● Data to examine
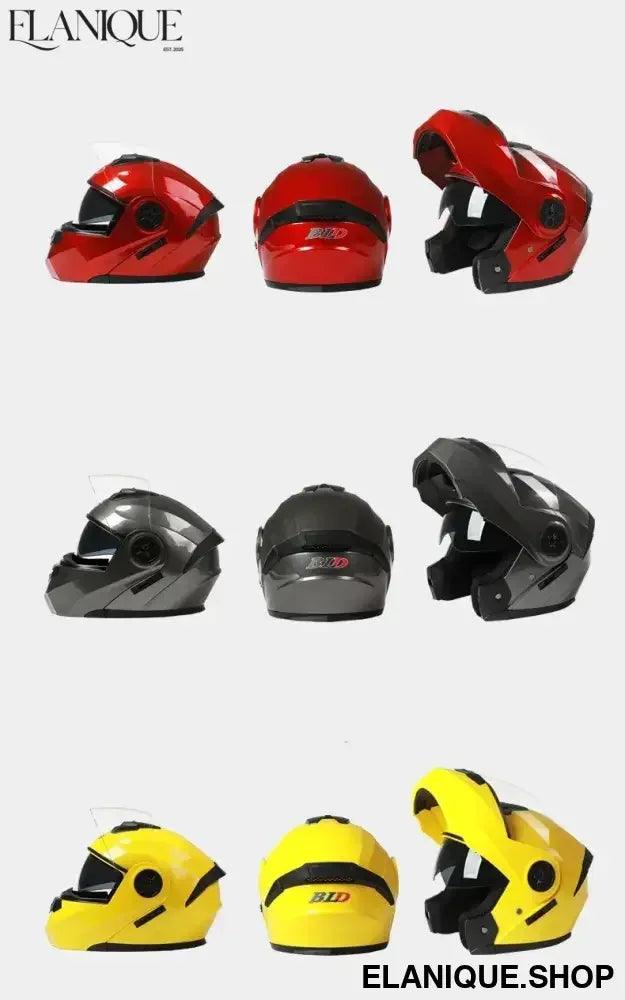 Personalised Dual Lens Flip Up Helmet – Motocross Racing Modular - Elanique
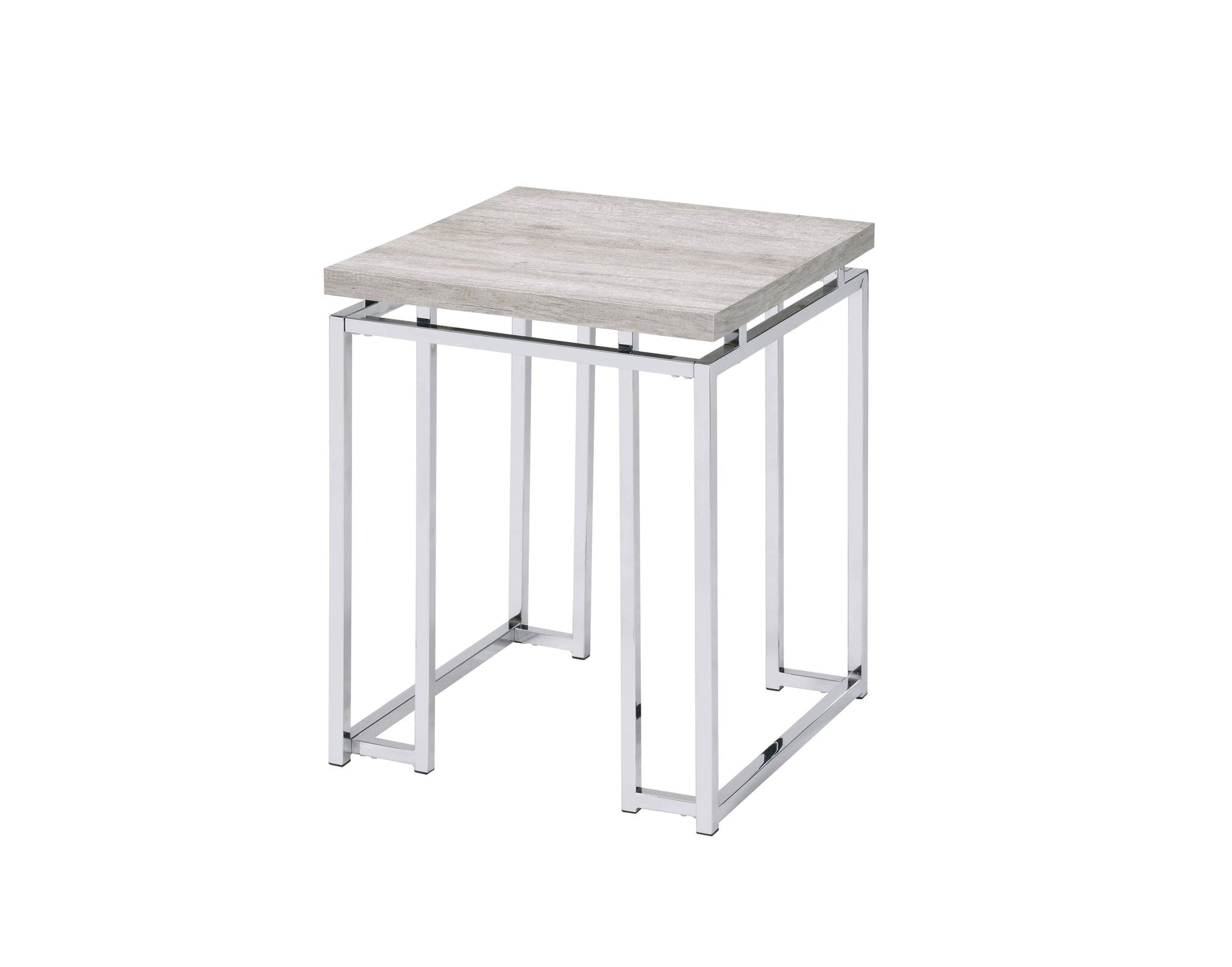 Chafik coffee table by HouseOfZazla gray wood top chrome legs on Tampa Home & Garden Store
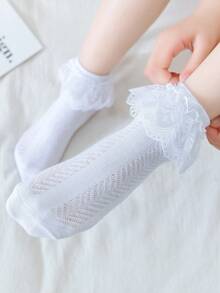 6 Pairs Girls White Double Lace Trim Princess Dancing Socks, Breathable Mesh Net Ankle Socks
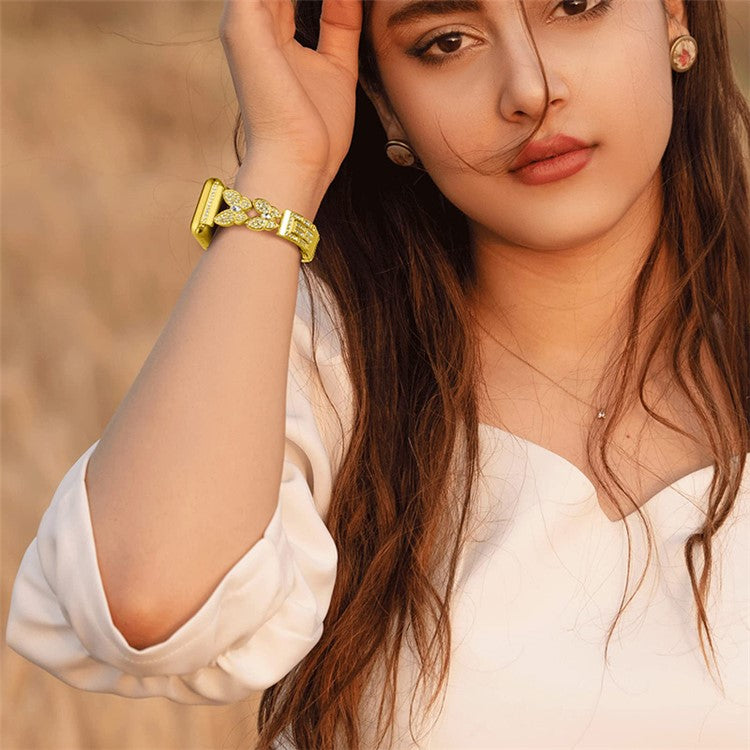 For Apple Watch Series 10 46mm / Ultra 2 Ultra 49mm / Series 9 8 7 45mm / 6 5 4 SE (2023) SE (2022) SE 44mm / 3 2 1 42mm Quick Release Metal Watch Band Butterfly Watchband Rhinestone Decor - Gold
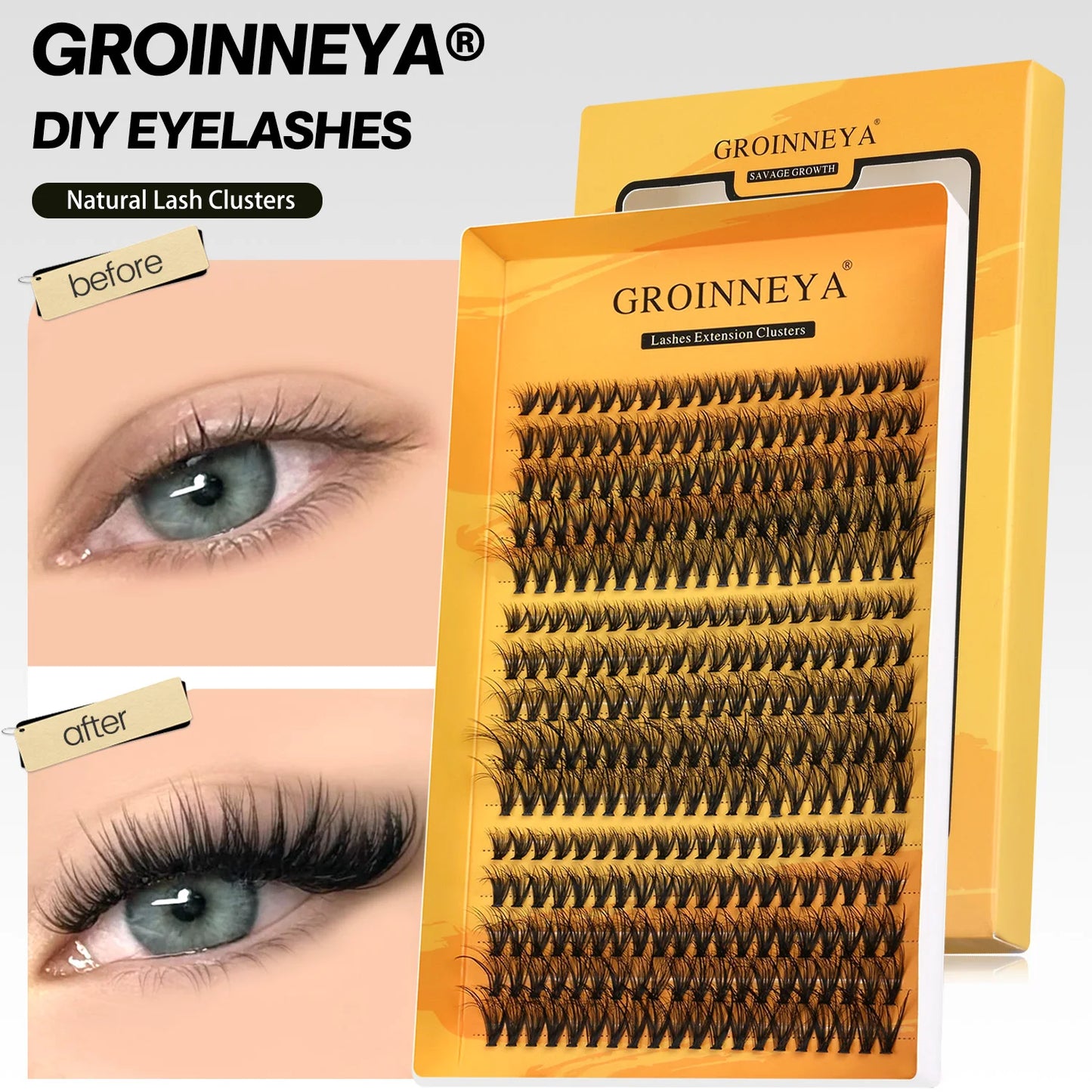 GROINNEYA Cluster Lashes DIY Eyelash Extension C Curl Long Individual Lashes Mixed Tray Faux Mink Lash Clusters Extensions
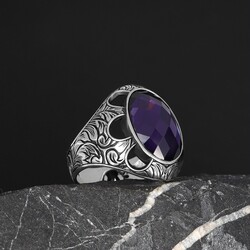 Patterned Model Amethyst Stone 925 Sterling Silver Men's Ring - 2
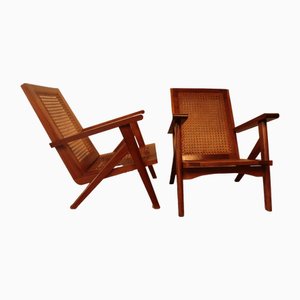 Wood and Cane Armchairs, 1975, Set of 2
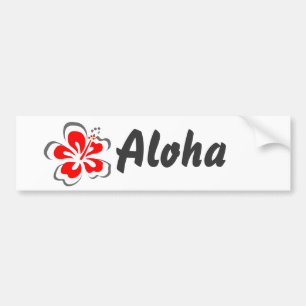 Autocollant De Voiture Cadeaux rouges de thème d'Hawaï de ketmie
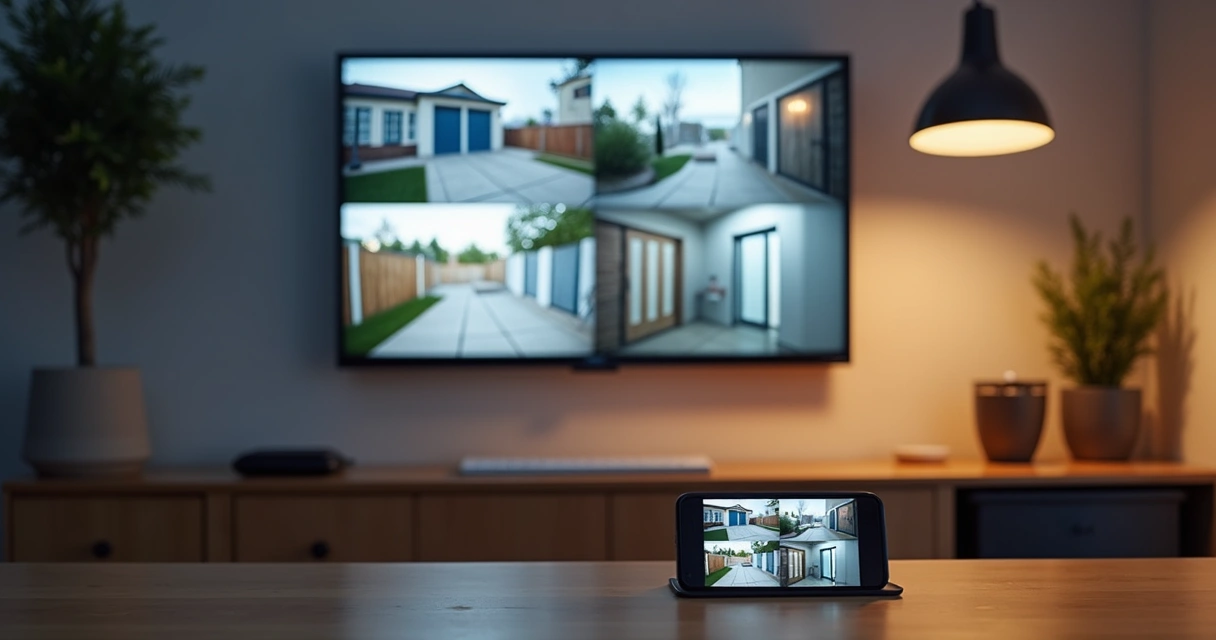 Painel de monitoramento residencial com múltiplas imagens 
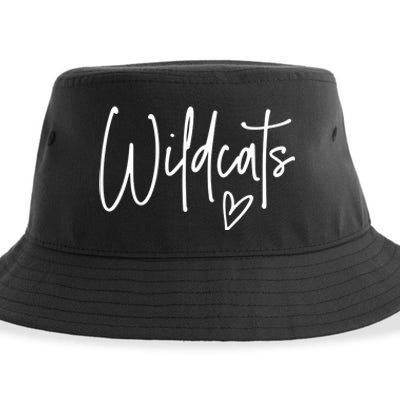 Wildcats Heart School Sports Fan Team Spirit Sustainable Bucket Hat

● Problem
An exact restatement is expected of the lines from the line containing "Painel de monitoramento" to the end of the data above, pictures excluded.

● Expected answer
 Painel de monitoramento residencial com múltiplas imagens 
 Wildcats Heart School Sports Fan Team Spirit Sustainable Bucket Hat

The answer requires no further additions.